Field meaning : the maximum waiting time to establish a new connection; : the maximum time for an rpc call; conn_timeout_ms rpc_timeout_ms

Retry

Corresponding zk node:/kitexConfig/{ClientName}/{ServiceName}/retry

The written configuration format is as follows:

{
  "GetDemoInfo": {
    "enable": true,
    "type": 0,
    "failure_policy": {
      "stop_policy": {
        "max_retry_times": 2,
        "max_duration_ms": 9000,
        "cb_policy": {
          "error_rate": 0.1
        }
      }
    }
  },
  "GetDemoInfo5": {
    "enable": true,
    "type": 0,
    "failure_policy": {
      "stop_policy": {
        "max_retry_times": 2,
        "max_duration_ms": 9000,
        "cb_policy": {
          "error_rate": 0.1
        }
      }
    }
  }
}

Copy

Field meaning

Configuration items	default value	illustrate	limit
max_retry_times	2	The maximum number of retries, excluding the first request. If configured to 0, it means to stop retrying.	Legal values: [0-5]
max_duration_ms	0	The cumulative maximum time elapsed, including the time elapsed for the first failed request and the retry request. If the elapsed time reaches the limit, subsequent retries will be stopped. 0 means no limit. Note: If configured, this configuration item must be greater than the request timeout.
error_rate	10%	Retry circuit breaker error rate threshold, if the method level request error rate exceeds the threshold, retries will be stopped.	Legal values: (0-30%]

Limiting

This configuration is a global configuration for the service, so the zk node path only contains serviceName:/kitexConfig/{ServiceName}/limit

The written configuration format is as follows:

{
  "qps_limit": 100
}

Copy

Microservice observability capability building

concept

Service observability construction refers to the establishment and improvement of monitoring, logging, tracking and other tools and technologies in distributed systems in order to comprehensively and timely understand the operating status and performance indicators of the system.

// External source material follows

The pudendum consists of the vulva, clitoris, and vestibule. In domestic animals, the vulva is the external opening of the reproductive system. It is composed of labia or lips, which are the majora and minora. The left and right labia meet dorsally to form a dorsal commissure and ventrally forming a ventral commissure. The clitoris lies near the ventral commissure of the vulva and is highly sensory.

A complete observation tool can bring many benefits to business systems:

Ability to detect and solve problems in a timely manner;
Enable the team to have a clearer understanding of the overall operation and internal interactions of the system;
Can understand the load status, resource utilization and trend changes of the system to support capacity planning and resource optimization;
By recording the system's operation logs and request traces through the log and tracking system, user operation behaviors, abnormal requests and security events can be tracked and analyzed to improve the security and reliability of the system.

introduce

Service details are used to display the overall operation of the service itself, including golden monitoring indicators (QPS, Latency and Error Ratio), SLO and runtime related information, etc.: huaxing_grafana

Topology diagram is used to show the upstream and downstream dependencies between services: huaxing_topology

Call chain data contains detailed information about each call between services: huaxing_trace

Implementation principles and details

huaxing_otel

Currently, the OpenTelemetry client has been integrated into the template code , and the generated Hertz and Kitex services have observable data (Metrics + Tracing) reporting capabilities by default.

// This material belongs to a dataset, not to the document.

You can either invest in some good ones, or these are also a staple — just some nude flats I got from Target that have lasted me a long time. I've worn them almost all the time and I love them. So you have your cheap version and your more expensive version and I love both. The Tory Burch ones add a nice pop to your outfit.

For detailed information, please refer to: kitex-contrib/obs-opentelemetry and hertz-contrib/obs-opentelemetry

OpenTelemetry (OTel) is an open source observability framework that allows development teams to generate, process, and transmit telemetry data in a unified, single format. It was developed by the Cloud Native Computing Foundation (CNCF) to provide standard protocols and tools for collecting and sending metrics, logs, and traces to monitoring platforms. OpenTelemetry provides vendor-independent SDKs, APIs, and tools. OpenTelemetry is quickly becoming the dominant observability telemetry data standard for cloud-native applications. Adopting OpenTelemetry is critical for organizations that want to be ready to meet future data needs without being locked into a specific vendor or limited by their legacy technology.

Trace

Tracing provides a complete picture of the entire life cycle from request reception to completion.

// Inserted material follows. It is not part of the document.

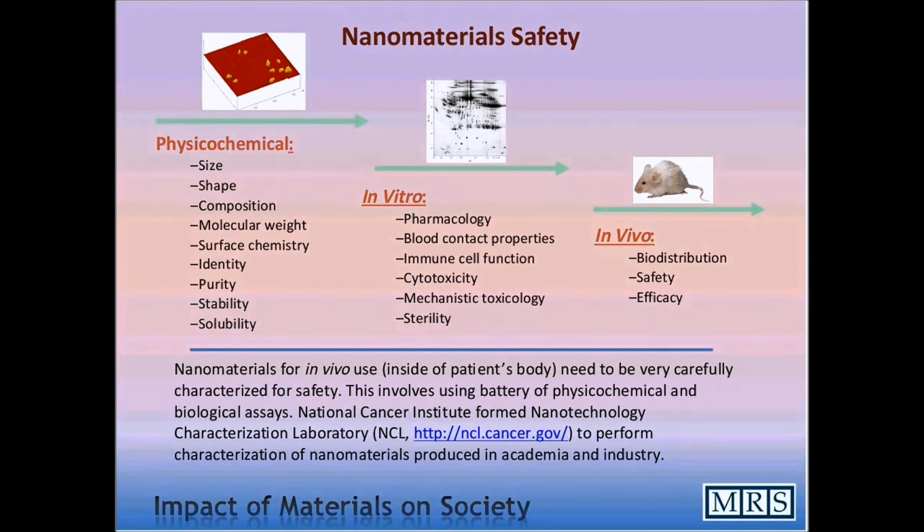Essentially that ends my lecture, in which I hope I was able to convey to you a number of possible opportunities which nanomaterials and nanoparticles create in medicine for new treatment of different diseases. The one I described here was cancer.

After receiving the request, the service enables link tracking from meta information (Kitex) or http header (Hertz). If there is no Tracing information in the meta information or HTTP header, new link tracing will be automatically enabled. Link information is passed within the service process through context.

Access method:

// for Hertz
tracer, cfg := hertztracing.NewServerTracer()
h := server.Default(tracer)
h.Use(hertztracing.ServerMiddleware(cfg))

Copy

// for Kitex
svr := echo.NewServer(new(DemoImpl),
    server.WithSuite(tracing.NewServerSuite()),
    server.WithServerBasicInfo(&rpcinfo.EndpointBasicInfo{ServiceName: serviceName}),)

Copy

Tracing information is reported to OpenTelemetry Collector and then transparently transmitted to Jaeger. Link related information can be queried in Jaeger.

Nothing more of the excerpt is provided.